The Pennsylvania Republican’s about-face, combined with the all-but-certain ascension of Minnesota Democrat Al Franken to the Senate, should soon leave Democrats with a filibuster-proof 60-vote majority.
. . . But Specter’s abandonment didn’t happen in isolation. No matter whether his move was motivated by principle, fear, or opportunism — or some combination of the three — it comes in the same month as a traditionally GOP-leaning district in upstate New York tipped for the Democrats. In the nine states of the Northeast, including Pennsylvania, there are only 15 GOP House members out of 83 seats, and now just three Republicans out of 18 senators.
. . . While many Republicans were jeering Specter as he headed for the exits, few were denying that the move was a setback, both in public perceptions and legislative arithmetic.
In the midst of it all, CQ Politics reports, "Sen.

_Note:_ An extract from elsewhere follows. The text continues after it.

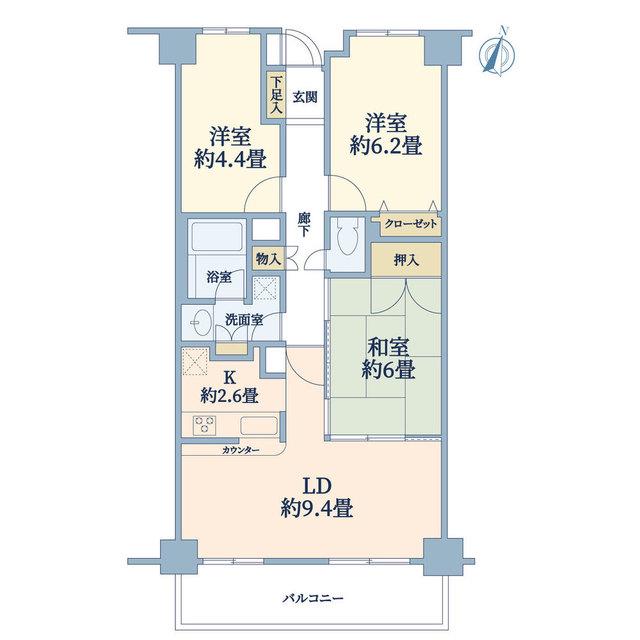 東急ドエルアルス菊名フェアサウス(3LDK/4階)の間取り写真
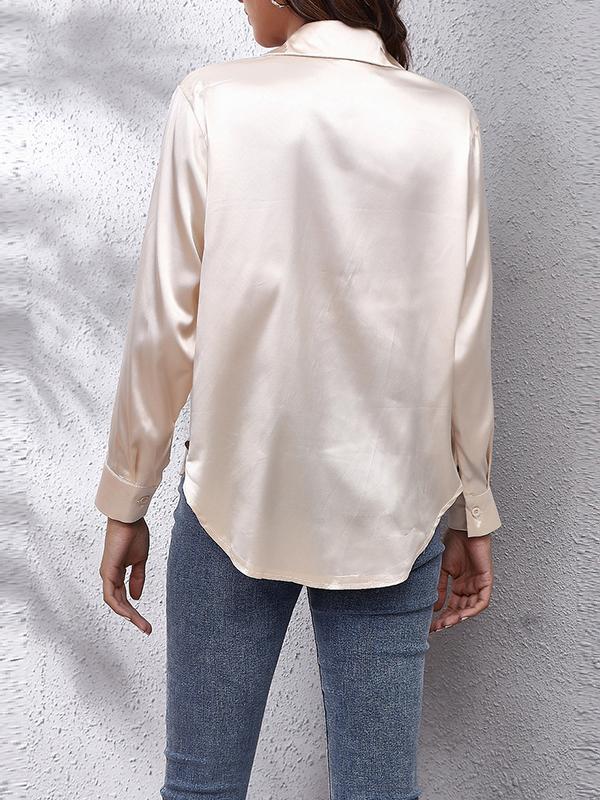 Long Sleeves Loose Solid Color Lapel Blouses Product Image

Jim DeMint wants to promote new, tougher brand of party discipline in coming weeks as the leader of the Republican Steering Committee. Now facing an emboldened Democratic majority, Republicans disagree on the best survival strategy." But DeMint wants conservative purity.
Specter's switch has ushered in a whole new deal in the Senate, in my opinion. Though critics said it was pure ambition, I have to admire his honesty about his motivation. He did not resort to the typical Republican spin, which is at least a good start for him.